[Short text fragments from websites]

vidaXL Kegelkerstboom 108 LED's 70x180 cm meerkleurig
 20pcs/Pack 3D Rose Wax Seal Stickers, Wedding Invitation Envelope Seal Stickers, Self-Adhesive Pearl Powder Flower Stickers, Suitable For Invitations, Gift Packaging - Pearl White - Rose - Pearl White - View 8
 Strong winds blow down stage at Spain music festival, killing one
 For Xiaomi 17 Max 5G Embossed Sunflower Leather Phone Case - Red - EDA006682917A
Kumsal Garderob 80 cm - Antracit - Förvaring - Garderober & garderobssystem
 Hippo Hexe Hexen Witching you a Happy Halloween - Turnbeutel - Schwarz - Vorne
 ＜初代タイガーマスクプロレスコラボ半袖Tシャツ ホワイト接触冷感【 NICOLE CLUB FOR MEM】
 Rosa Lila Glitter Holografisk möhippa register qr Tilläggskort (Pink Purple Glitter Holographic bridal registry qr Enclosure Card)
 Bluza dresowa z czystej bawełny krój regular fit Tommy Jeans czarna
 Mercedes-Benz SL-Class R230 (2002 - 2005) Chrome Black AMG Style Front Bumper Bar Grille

:: EXERCISE DETAILS ::
From the opening line of the data above through the line holding "Rosa Lila Glitter", give every line again exactly as it stands.

:: SOLVED EXERCISE ::
vidaXL Kegelkerstboom 108 LED's 70x180 cm meerkleurig
 20pcs/Pack 3D Rose Wax Seal Stickers, Wedding Invitation Envelope Seal Stickers, Self-Adhesive Pearl Powder Flower Stickers, Suitable For Invitations, Gift Packaging - Pearl White - Rose - Pearl White - View 8
 Strong winds blow down stage at Spain music festival, killing one
 For Xiaomi 17 Max 5G Embossed Sunflower Leather Phone Case - Red - EDA006682917A
Kumsal Garderob 80 cm - Antracit - Förvaring - Garderober & garderobssystem
 Hippo Hexe Hexen Witching you a Happy Halloween - Turnbeutel - Schwarz - Vorne
 ＜初代タイガーマスクプロレスコラボ半袖Tシャツ ホワイト接触冷感【 NICOLE CLUB FOR MEM】
 Rosa Lila Glitter Holografisk möhippa register qr Tilläggskort (Pink Purple Glitter Holographic bridal registry qr Enclosure Card)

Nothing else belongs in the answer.